Sep 14
Factoring Companies…They Are All The Same Aren’t They?!??!
When is factoring not factoring? Know the difference and don’t pay the price for not knowing!
I had an interesting meeting with my friendly man from HSBC yesterday and one of the things discussed was factoring (invoice financing). I asked him what was the point in paying for factoring if the factoring company was going to come back to you for payment if your client refused to pay up after say 90 days!?!!? He explained that essentially there are two types of factoring – Recourse factoring and Non-Recourse factoring.

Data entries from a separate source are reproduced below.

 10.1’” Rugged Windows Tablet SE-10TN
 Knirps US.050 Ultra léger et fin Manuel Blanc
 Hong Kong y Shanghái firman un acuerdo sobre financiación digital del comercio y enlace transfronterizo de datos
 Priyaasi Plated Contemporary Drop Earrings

So what does all this mean? Well it might surprise you to learn that most factoring companies either offer one or the other – rarely both.
Recourse Factoring
With this method if the debtor (your client) does not pay the invoice, recourse factoring allows the factoring company to come back to the seller (you) for payment. The risk of insolvency does not transfer to the factoring company when an invoice is purchased. If a client refuses or is unable to pay the invoice (due to bankruptcy), you (the seller) must buy back the unpaid invoice or exchange it with another receivable of equal or greater value. Since Recourse Factoring offers the least amount of risk to the factoring company, then this factoring agreement offers the lowest fees.
Non Recourse Factoring
With this method, the risk of insolvency and non-payment is completely transferred to the factoring company. If the client goes bankrupt or refuses to pay the invoice (for whatever reason), the factoring company cannot come back to you for payment. This method of factoring carries more risk for the factoring company and therefore factoring fees are higher.

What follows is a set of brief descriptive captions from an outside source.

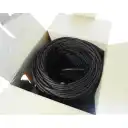 Thumbnail 0 de Cable Negro LinkMade 100mt Cat5E F/UTP Exterior PE Solid Unifilar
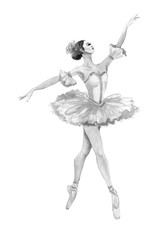 danser beauty ballerina - 212938162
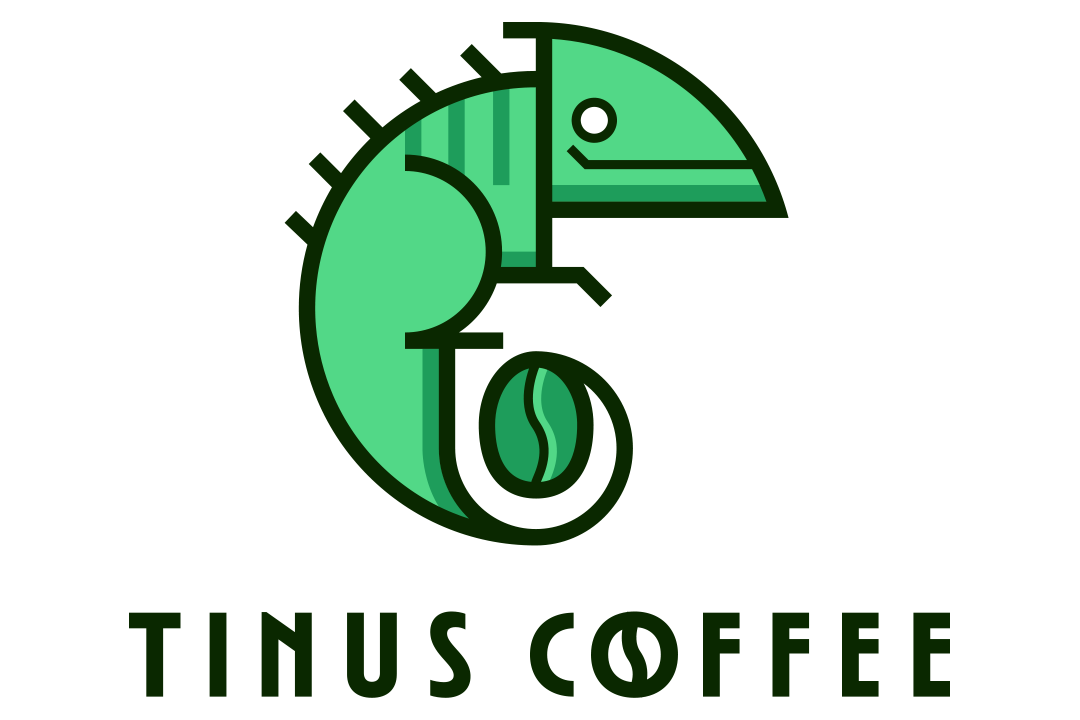 Kameleon op jouw feestje, meester in koffie op locatie 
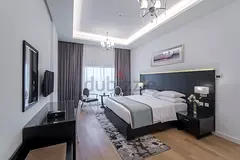 Two Bedroom Room Apartment | Newly Renovated | Near Mashreq Metro Station | All bills inclusive
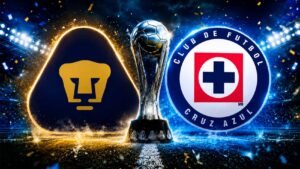Cruz Azul vs Pumas
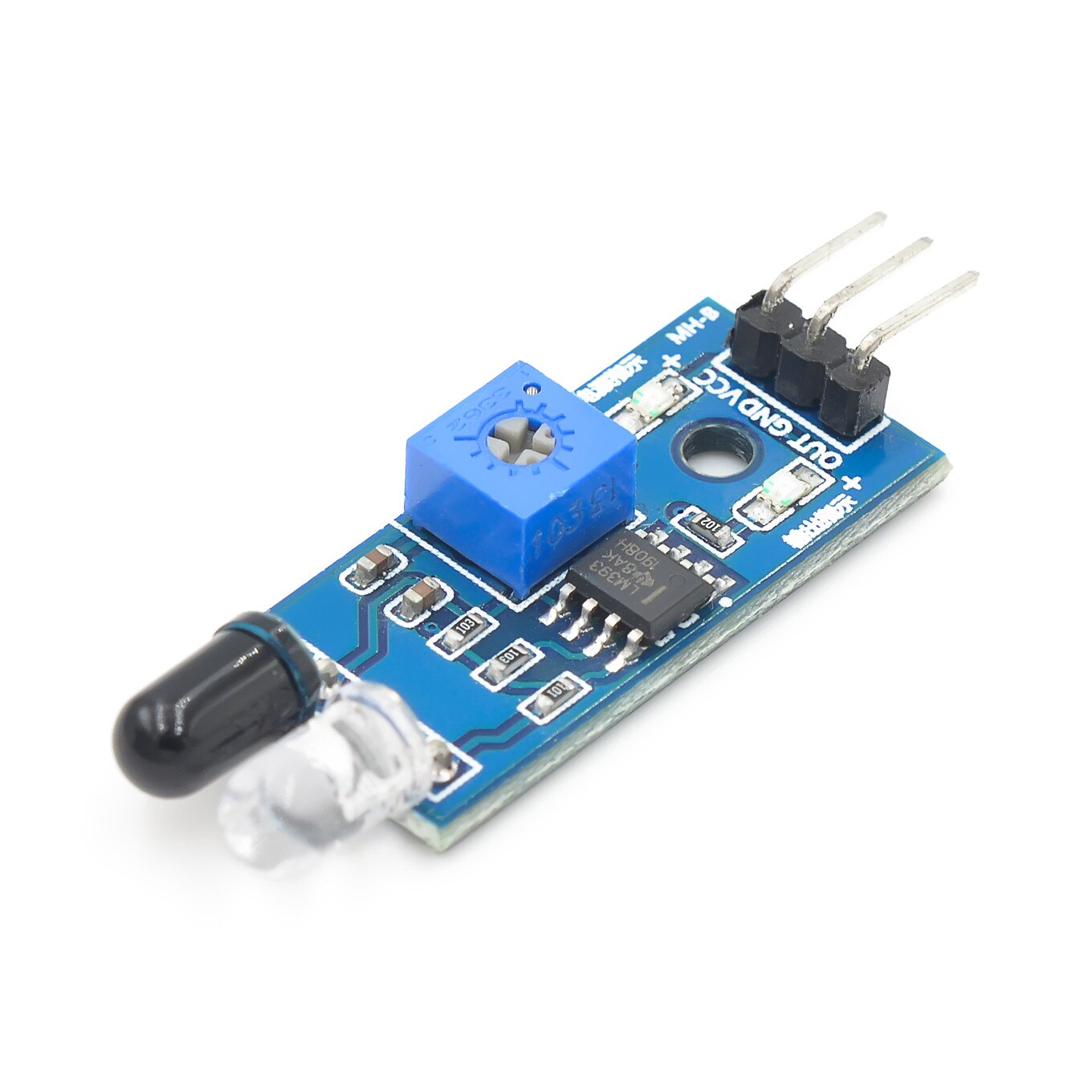 IR Obstacle Sensor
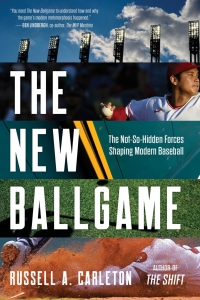 Cover image: The New Ballgame 9781637272268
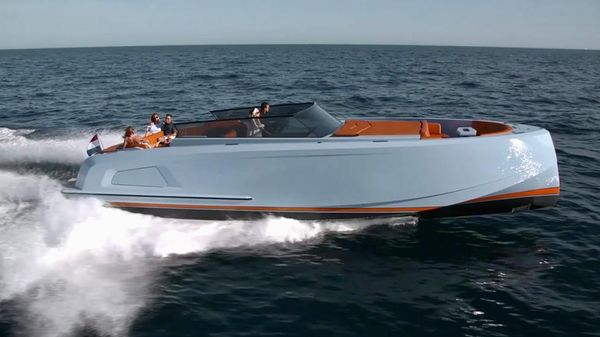 Vanquish VQ 45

Most factoring companies only offer Recourse Factoring and do not offer Non Recourse as an option. However my man at HSBC reliably informs me that they offer Non Recourse factoring so this probably explains why so many of my clients say that HSBC is expensive in comparison to others. But to my way of thinking what’s the point in having a factoring agreement if you are then going to be held liable for non payment of invoice?
About the author: Paul Stanford http://www.paulstanford.co.uk/blog has provided practical advice to hundreds of entrepreneurs for the past 5 years helping them to successfully start-up, transform and sell their businesses. Get in touch to see how his business http://www.4momentum.co.uk can help do the same for you. You have full permission to reprint this article provided this box is kept unchanged.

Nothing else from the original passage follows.